Drugim dziełem księdza Zieji był uniwersytet ludowy dla gospodarzy z Mołodowa. Zbierali się w każdą niedzielę po południu w izbie szkolnej, wypełniając ją po brzegi. Siedzieli w kożuchach, bo nie było szatni, a izba była niewielka. Z własnego wyboru zapragnęli czytać z księdzem Pismo Święte, ale z objaśnieniami i dyskusją. Byli spragnieni wiedzy o świecie, o Bogu, o życiu, mieli swoje problemy, pytania, wątpliwości.
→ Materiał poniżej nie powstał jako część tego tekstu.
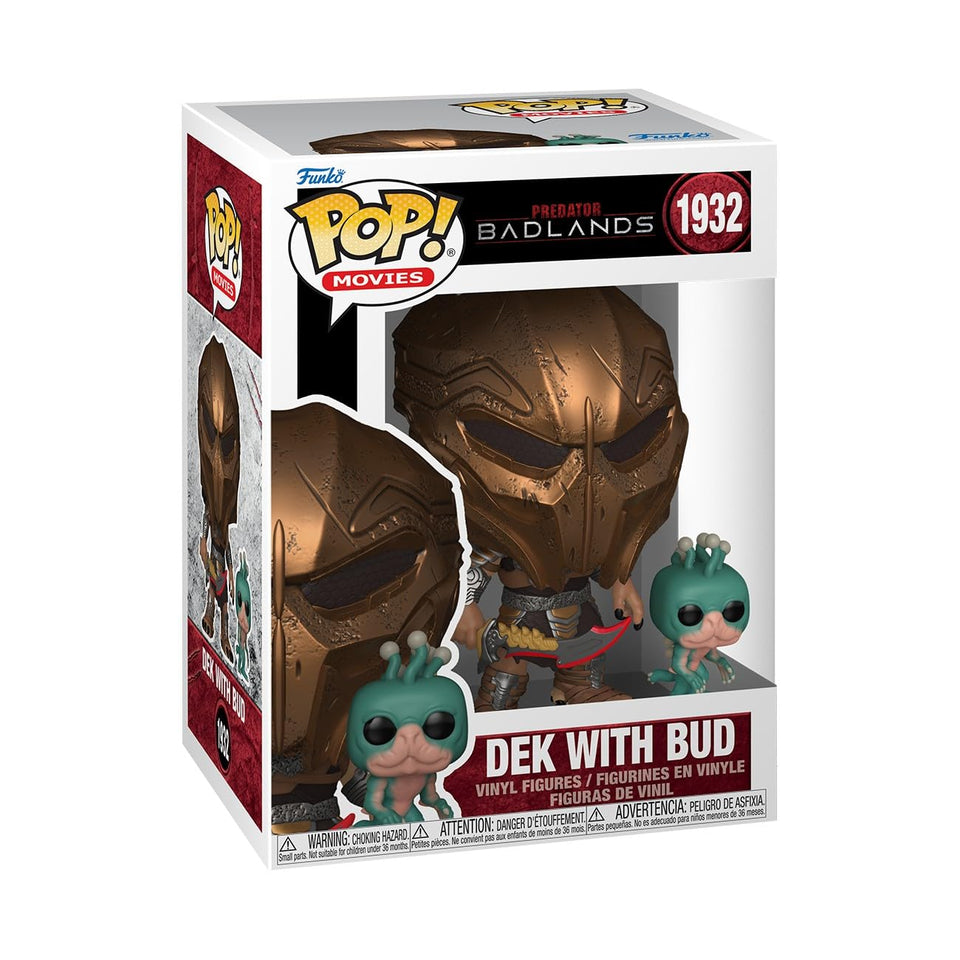Funko Pop!&Buddy Predator Badlands DEK with Bud figure for display and collection.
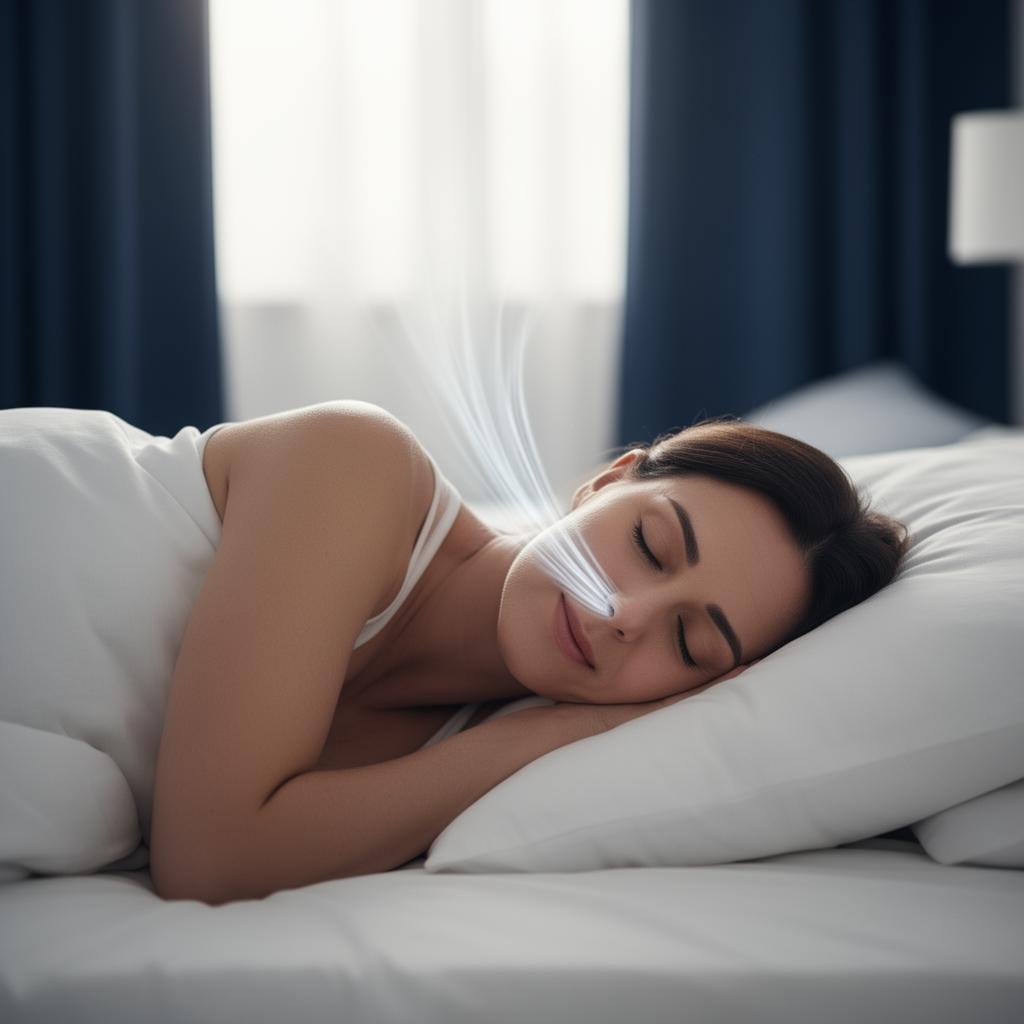 Person sleeping peacefully with quiet, easy breathing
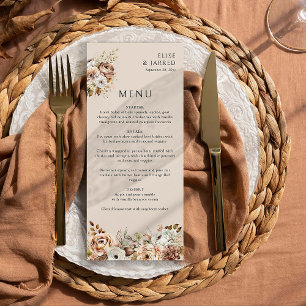 Menu Mariage champêtre de saison automnale marron neutr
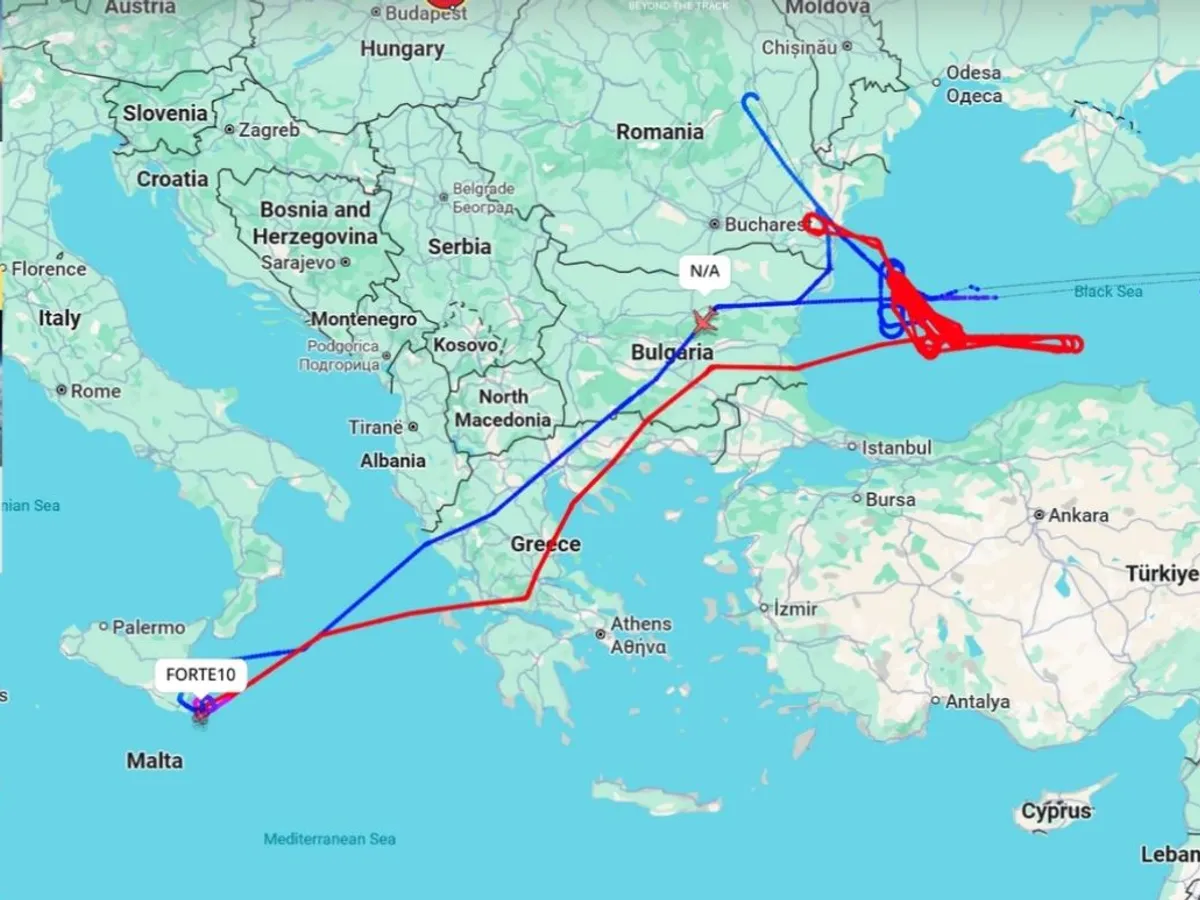 Două avioane de recunoaștere ale SUA deasupra Mării Negre - Foto: ItaMilRadar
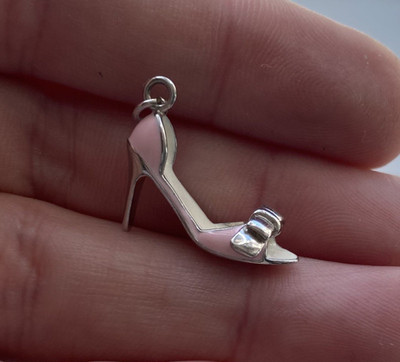 Sterling Silber High Heel Schuh Charm 925 Rosa Emaille Armband Geschenk Schmuck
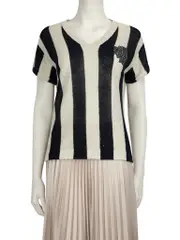 Striped Sequinned Knit Top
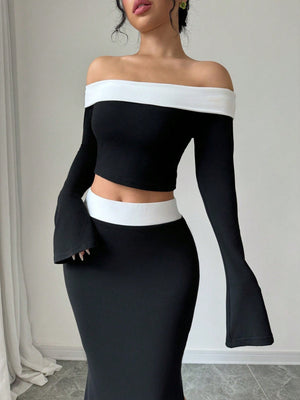 Spring/Summer Elegant Color Block Off Shoulder Cropped T-Shirt + Side Slit Fish Tail Skirt Outfit Set - Negative Apparel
Zarówno ksiądz jak i słuchacze byli niestrudzeni. Zajęcia kończono, gdy gasła lampa naftowa z powodu braku tlenu, bo w izbie nie było otwieranych okien. Trzecie dzieło to Koło Przyjaciół Bożej Radości, skupiające sporą gromadkę dorastającej młodzieży, zagubionej i nie widzącej przed sobą przyszłości w trudnych i smutnych przedwojennych czasach na Polesiu5.

***

Gdy wybuchła wojna, ks. Zieja znów poszedł do wojska – jako kapelan 84 Pułku Strzelców Poleskich. Po kapitulacji został z rannymi żołnierzami najpierw w Modlinie, a później w Legionowie, gdzie Niemcy przenieśli szpital. Pod koniec listopada po zwolnieniu przez Niemców udał się do Lasek, gdzie został w zastępstwie ukrywającego się przed okupantem ks. Władysława Korniłowicza kapelanem Zakładu dla Ociemniałych, prowadzonego przez Siostry Franciszkanki.

Wkrótce włączył się aktywnie w działalność ruchu oporu. Współpracował z Frontem Odrodzenia Polski, podziemną organizacją założoną przez Zofię Kossak-Szczucką i Witolda Bieńkowskiego, był też pracownikiem komórki „Credo”, stanowiącej ośrodek dyspozycyjny ugrupowania6. Wedle relacji Jana Hoppego, równie bliska współpraca miała łączyć go z organizacją „Unia” Jerzego Brauna7. Brał też udział w akcji ratowania Żydów, współpracując z Radą Pomocy Żydom „Żegota”. Przede wszystkim został naczelnym kapelanem „Szarych Szeregów”, a później Komendy Głównej Armii Krajowej oraz Batalionów Chłopskich.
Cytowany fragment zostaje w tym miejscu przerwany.